Gubernur Minta Anggota Jamaah Tabligh Keluar dari Bengkulu


Bengkulu - SEORANG pasien dengan pengawasan (PDP) positif virus korona (covid-19) di Provinsi Bengkulu meninggal dunia pada Selasa (31/3). Mendiang adalah salah seorang Jamaah Tabligh asal Provinsi Lampung.


Gubernur Bengkulu Rohidin Mersyah meminta seluruh anggota Jamaah Tabligh yang berasal dari luar daerah untuk meninggalkan Provinsi Bengkulu.

Dia juga memminta aparat TNI dan Polri untuk mengawal para anggota Jamaah Tabligh kembali ke daerah asal mereka. "Kebijakan ini diambil semata-mata untuk melindungi warga Provinsi Bengkulu dari penularan virus korona dari warga luar Provinsi Bengkulu," katanya.

Pemulangan anggota Jamaah Tabligh ke daerah asal mereka, menurut dia, harus dikawal  ketat aparat berwajib dengan cara tetap diisolasi menggunakan kendaraan khusus.

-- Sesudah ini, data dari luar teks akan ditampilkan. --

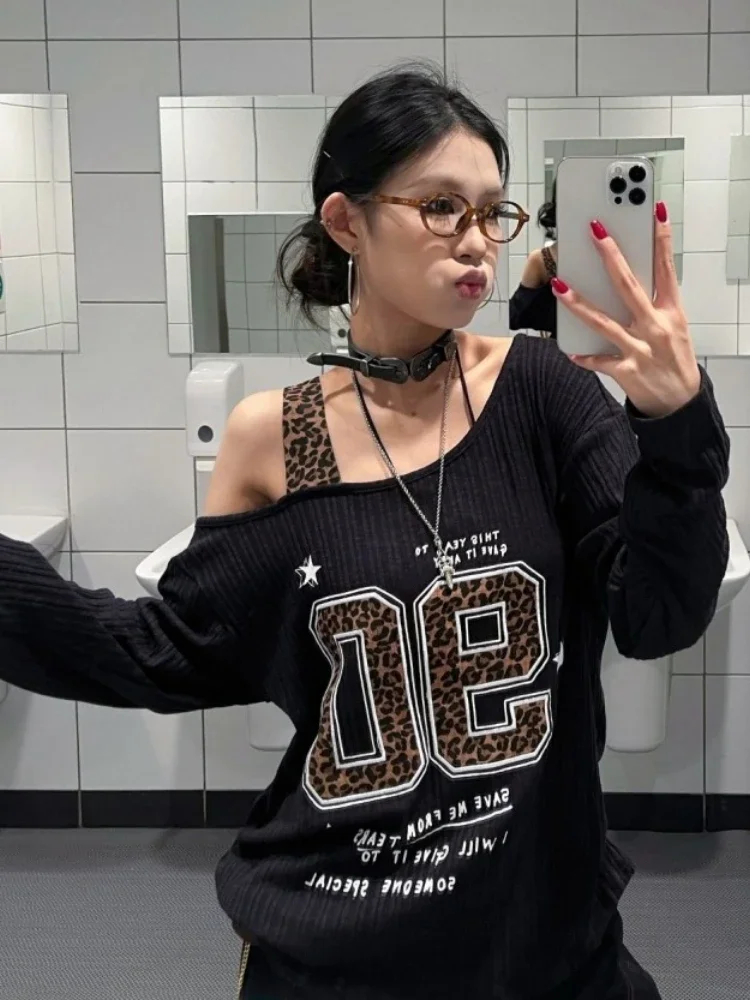 เสื้อยืดลายเสือดาวสไตล์ Y2K แบ - T-Shirts บทวิจารณ์และราคา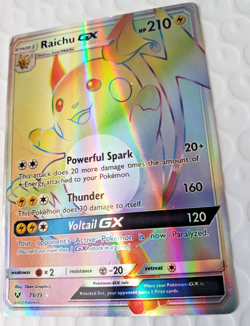 Pokemon Raichu GX 75/73 Shining Legends Full Art Rainbow Secret Rare - Image 1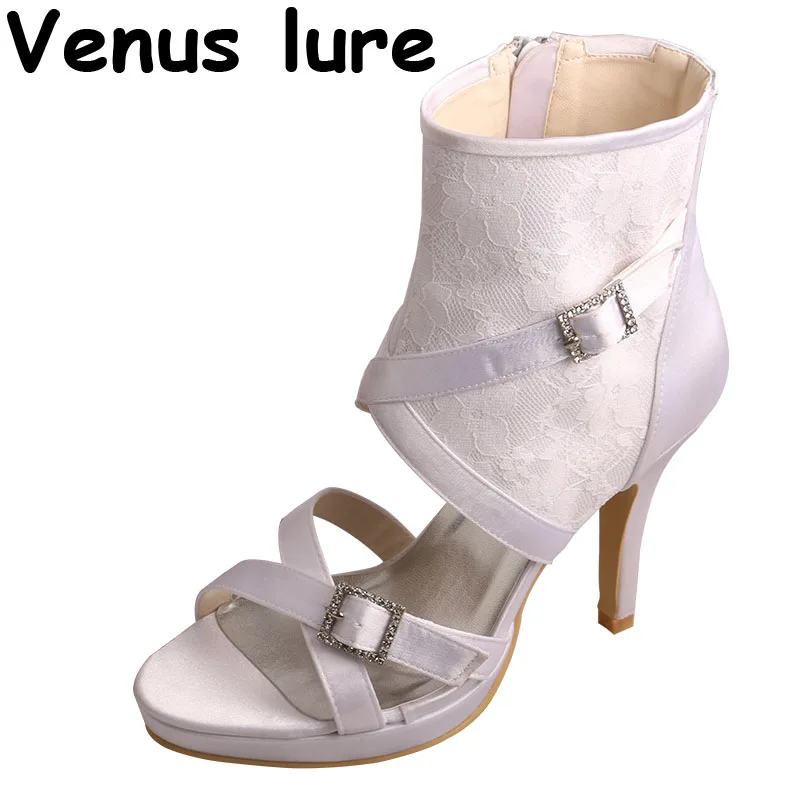 Женские сапоги для невесты Venus lure, белые сапоги на высоком каблуке с кружевной молнией
Женские сапоги для невесты Venus lure, белые сапоги на высоком каблуке с кружевной молнией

Dia juga meminta Wali Kota Bengkulu Helmi Hasan untuk melakukan karantina terhadap seluruh anggota Jamaah Tabligh di Kota Bengkulu yang memiliki riwayat kontak dengan orang yang terkonfirmasi positif covid-19.

Wali Kota Bengkulu juga diminta menyiapkan tempat karantina khusus untuk para Jamaah Tabligh tersebut yang jauh dari keramaian dan fasilitas umum.

Sebelumnya, Rohidin Mersyah mengumumkan satu orang  di Bengkulu terkonfirmasi positif covid-19 meninggal dunia.

Orang yang terkonfirmasi positif covid-19 itu merupakan laki-laki berusia 56 tahun yang merupakan warga Kabupaten Lampung Selatan, Provinsi Lampung.

Dia merupakan rombongan Jamaah Tabligh yang mengikuti tablig akbar di Malaysia pada 1 Maret dan tiba di Bengkulu pada 5 Maret dari Provinsi Lampung menggunakan bus Putra Rafflesia.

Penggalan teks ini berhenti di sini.